🕸️ Network Resilience
Scale-Free Networks · Targeted Hub Attack · Random Node Failure · Giant Component · Percolation
Scale-Free Networks · Targeted Hub Attack · Random Node Failure · Giant Component · Percolation
This simulation contrasts how two classes of network survive node removal. It builds either a Barabási–Albert scale-free graph, grown by preferential attachment (each new node links to m=2 existing nodes with probability proportional to their degree), or an Erdős–Rényi random graph where every pair of nodes connects independently with probability p ≈ 2.5·ln(N)/N. After each removal it runs a breadth-first search to recompute connected components and the size of the giant component.
The Nodes slider sets N (20–150), and tabs switch the network type and the attack mode. In targeted mode the highest-degree surviving node (a hub) is removed first; in random mode a uniformly random node is removed. The removal-speed slider controls nodes removed per frame, while Attack, Rebuild and Step drive the process. This asymmetry — robust to random failure, fragile to hub attack — explains the resilience of the internet, power grids and protein interaction networks.
What does this simulation actually show?
It removes nodes from a network one at a time and tracks how connectivity collapses. After every removal it measures the giant component — the largest set of still-connected nodes. You can watch a scale-free network shatter under a targeted hub attack while shrugging off random failures of the same size.
What is a scale-free network?
A scale-free network has a power-law degree distribution: most nodes have few links, but a handful of hubs have very many. This page generates one with the Barabási–Albert model, where each new node attaches preferentially to nodes that are already well connected, so the rich get richer.
How is the Erdős–Rényi network different?
In the Erdős–Rényi random graph every possible edge exists with the same probability p, giving a Poisson degree distribution with no dominant hubs. Because there are no critical hubs to single out, targeted and random attacks produce roughly similar damage, unlike the scale-free case.

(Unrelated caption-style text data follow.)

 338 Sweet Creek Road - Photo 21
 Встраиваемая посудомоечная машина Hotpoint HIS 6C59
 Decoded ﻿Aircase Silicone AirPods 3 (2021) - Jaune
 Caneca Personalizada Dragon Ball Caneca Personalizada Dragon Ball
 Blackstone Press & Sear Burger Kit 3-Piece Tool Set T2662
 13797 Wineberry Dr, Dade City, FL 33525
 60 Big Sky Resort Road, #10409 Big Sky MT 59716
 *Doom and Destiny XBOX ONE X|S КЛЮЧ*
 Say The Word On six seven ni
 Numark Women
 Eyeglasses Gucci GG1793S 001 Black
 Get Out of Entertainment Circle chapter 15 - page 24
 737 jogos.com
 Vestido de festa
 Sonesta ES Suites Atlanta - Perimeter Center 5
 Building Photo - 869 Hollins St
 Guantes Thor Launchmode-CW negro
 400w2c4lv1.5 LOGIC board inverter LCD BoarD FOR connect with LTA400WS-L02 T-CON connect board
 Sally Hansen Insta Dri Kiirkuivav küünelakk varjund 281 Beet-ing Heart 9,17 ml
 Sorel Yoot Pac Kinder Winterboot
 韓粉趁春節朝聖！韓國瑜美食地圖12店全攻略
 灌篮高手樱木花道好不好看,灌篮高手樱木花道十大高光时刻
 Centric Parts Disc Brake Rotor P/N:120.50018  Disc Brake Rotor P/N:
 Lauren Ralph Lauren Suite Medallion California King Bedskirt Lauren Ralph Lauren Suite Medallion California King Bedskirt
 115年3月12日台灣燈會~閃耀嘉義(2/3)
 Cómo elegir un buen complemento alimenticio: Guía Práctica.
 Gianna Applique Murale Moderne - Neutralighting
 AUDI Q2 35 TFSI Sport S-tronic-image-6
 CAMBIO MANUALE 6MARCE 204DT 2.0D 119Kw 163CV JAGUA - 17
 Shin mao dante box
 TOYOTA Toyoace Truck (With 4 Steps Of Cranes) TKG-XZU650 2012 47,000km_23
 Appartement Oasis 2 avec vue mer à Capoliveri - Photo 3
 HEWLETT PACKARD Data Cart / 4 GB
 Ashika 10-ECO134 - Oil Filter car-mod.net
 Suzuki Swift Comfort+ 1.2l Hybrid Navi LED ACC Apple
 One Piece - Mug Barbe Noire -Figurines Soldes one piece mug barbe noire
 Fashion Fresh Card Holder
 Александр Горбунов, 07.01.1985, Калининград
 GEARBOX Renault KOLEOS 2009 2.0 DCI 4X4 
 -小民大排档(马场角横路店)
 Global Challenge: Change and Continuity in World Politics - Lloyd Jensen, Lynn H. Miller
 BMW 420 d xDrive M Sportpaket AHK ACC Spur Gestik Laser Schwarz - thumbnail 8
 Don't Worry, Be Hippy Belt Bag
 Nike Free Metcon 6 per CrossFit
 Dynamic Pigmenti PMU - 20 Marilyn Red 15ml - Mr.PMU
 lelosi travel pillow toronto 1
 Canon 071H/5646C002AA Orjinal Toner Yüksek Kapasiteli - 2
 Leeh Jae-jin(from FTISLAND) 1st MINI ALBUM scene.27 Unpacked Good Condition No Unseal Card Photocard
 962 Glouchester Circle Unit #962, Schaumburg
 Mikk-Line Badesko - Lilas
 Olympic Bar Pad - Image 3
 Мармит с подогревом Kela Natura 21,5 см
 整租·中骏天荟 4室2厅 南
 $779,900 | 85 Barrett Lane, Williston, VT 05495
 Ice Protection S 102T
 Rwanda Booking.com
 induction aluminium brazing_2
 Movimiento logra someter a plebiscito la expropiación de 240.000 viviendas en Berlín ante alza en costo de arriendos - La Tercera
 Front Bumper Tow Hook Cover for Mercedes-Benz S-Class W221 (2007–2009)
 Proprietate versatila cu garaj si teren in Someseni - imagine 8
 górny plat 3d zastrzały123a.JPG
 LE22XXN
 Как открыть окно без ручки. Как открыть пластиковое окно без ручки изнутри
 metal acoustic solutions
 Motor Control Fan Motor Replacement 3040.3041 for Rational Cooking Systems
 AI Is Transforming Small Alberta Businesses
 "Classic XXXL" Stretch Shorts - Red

The giant component is the largest connected cluster of surviving nodes. Its fraction (size divided by the number of alive nodes) measures how much of the network can still communicate. When that fraction collapses toward zero, the network has fragmented into isolated islands and effectively stopped functioning.
In targeted mode the simulation scans all surviving nodes and removes the one with the highest current degree — the biggest remaining hub. Removing a hub severs many edges at once, so its neighbours can splinter into separate fragments far faster than removing an ordinary node would.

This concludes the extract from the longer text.